Recovery plans prepared in accordance with Section 71a, subsection 1, and Section 71b, subsection 1, of the Act on Financial Business and Section 98, subsection 1, and Section 99, subsection 1, of the Act on Investment Firms and Investment Services and Activities, must be sufficient and comprehensive for the business's individual circumstances, cf. however subsections 2, 3, 4, and 6.
Subsection 2. Credit institutions with a balance sheet total exceeding DKK 12 billion, which are not designated as systemically important, cf. Sections 308 or 310 of the Act on Financial Business, mortgage credit institutions that are not designated as systemically important, cf. Sections 308 or 310 of the Act on Financial Business, and a ship finance institution, may prepare simplified recovery plans if the business specifically assesses in the recovery plan that the omitted parts are not relevant to the business.
Subsection 3. Credit institutions with a balance sheet total of more than DKK 1 billion and less than DKK 12 billion may prepare simplified recovery plans if the business ensures that the plan is sufficient and comprehensive for the business's individual circumstances.
Subsection 4. Credit institutions with a balance sheet total of DKK 1 billion or less may meet the requirement to prepare a recovery plan by submitting the capital raising plan that the credit institution has prepared in accordance with Annex 1, No. 14, of the Order on the Calculation of Risk Exposures, Capital Base and Solvency Requirements. The capital raising plan must be supplemented with capital indicators, cf. Section 5, subsection 2.
Subsection 5. The assessment of a credit institution's balance sheet, cf. subsections 2-4, is made on the basis of the credit institution's most recently submitted annual report.
Subsection 6. Investment firms may meet the requirement for a recovery plan in one of the following ways:
Subsection 7. The Danish Financial Supervisory Authority may make a decision on placement in a different category than specified in subsections 2-4 and 6, if the business's complexity so dictates. The Danish Financial Supervisory Authority's decision is made on the basis of Commission Delegated Regulation 2019/348/EU of 25 October 2018 supplementing Directive 2014/59/EU of the European Parliament and of the Council with regard to regulatory technical standards specifying the criteria for assessing the consequences for financial markets, other institutions and financing conditions of an institution becoming distressed.

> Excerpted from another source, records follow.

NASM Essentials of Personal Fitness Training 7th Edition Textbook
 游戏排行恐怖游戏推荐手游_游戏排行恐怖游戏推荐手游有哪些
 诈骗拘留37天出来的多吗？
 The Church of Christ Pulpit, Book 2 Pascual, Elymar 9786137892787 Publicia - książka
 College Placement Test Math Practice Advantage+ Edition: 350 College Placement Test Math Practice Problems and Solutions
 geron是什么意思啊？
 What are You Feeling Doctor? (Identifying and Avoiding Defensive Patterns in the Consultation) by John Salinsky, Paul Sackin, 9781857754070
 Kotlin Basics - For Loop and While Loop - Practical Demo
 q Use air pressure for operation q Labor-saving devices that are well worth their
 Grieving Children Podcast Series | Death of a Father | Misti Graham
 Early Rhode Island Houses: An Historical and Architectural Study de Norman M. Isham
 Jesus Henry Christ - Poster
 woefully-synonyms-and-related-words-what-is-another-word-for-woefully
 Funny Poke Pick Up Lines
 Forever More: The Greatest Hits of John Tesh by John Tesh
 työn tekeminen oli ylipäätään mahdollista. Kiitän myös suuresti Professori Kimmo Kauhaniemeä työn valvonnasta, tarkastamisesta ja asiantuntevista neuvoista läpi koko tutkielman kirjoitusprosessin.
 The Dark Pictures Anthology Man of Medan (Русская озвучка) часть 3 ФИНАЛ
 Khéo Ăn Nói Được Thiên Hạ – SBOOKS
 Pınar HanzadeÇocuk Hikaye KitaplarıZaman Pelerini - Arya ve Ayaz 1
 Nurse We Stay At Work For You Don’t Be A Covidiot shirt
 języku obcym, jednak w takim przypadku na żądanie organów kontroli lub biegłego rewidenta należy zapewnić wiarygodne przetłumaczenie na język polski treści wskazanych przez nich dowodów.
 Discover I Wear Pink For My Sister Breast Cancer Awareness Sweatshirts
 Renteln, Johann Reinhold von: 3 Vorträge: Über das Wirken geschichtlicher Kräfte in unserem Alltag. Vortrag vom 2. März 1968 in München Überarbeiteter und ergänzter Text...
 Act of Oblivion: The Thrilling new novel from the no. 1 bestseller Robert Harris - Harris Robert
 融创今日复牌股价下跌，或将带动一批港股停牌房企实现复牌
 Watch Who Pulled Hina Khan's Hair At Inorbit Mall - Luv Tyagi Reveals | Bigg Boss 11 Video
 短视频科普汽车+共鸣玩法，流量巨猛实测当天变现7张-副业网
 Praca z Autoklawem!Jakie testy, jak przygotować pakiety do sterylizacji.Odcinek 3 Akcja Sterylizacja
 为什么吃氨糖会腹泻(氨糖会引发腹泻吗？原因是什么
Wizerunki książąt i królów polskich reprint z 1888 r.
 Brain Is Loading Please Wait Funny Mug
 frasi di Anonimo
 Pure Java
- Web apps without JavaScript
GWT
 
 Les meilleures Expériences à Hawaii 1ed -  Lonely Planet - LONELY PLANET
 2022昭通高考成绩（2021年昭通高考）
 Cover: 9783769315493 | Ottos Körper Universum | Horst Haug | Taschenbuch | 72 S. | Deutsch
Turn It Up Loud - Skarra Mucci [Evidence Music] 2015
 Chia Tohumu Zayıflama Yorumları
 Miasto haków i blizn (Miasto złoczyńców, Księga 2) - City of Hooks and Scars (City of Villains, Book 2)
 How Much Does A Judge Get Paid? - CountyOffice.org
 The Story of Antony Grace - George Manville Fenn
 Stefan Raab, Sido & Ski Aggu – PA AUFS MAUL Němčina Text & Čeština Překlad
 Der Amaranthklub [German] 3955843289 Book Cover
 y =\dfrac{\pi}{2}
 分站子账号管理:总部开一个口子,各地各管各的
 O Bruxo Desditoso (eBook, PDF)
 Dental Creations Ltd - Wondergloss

A recovery plan must, for credit institutions that are not designated as systemically important, contain an overview of possible merger partners that the credit institution can contact if the credit institution comes under recovery.
The scenarios of severe macroeconomic and financial stress that are relevant to the business and that must be included in the recovery plan, cf. Section 71a, subsection 1, No. 3, of the Act on Financial Business and Section 98, subsection 1, No. 3, of the Act on Investment Firms and Investment Services and Activities, must be designed in accordance with Annex 1.
Subsection 2. The scenarios must cover events affecting the individual business, events affecting the entire financial system, and one or more combinations of events affecting both the individual business and the entire financial system.
Subsection 3. For each scenario, it must be described which recovery measures the business assesses will be appropriate, as well as it must be justified that the business will be recoverable when applying the intended recovery measures.
Subsection 4. In a recovery plan prepared by a group, cf. Section 71b of the Act on Financial Business and Section 99 of the Act on Investment Firms and Investment Services and Activities, the group must further state for each scenario whether the group assesses that there are obstacles to implementing recovery measures in one or more of the businesses covered by the recovery plan, and whether there are significant practical or legal obstacles to the immediate transfer of capital or repayment of liabilities or assets within the group.
The business must set a number of quantitative and qualitative indicators in the recovery plan, which must define the times when the business must decide whether to implement one or more of the recovery measures listed in the recovery plan.
Subsection 2. The indicators must be sufficient and appropriate for the business's size, business model, strategy, and risk profile. Where the business's indicators relate to requirements set out in legislation, e.g., regarding capital or liquidity, the indicator must lie before the requirement set out in legislation. With regard to indicators relating to the legislation's capital requirements, these must be used consistently with the characteristics of the different requirements and the stress scenarios used.
Subsection 3. The business must, when setting the indicators, include the indicators covered by Annex 2, Section A.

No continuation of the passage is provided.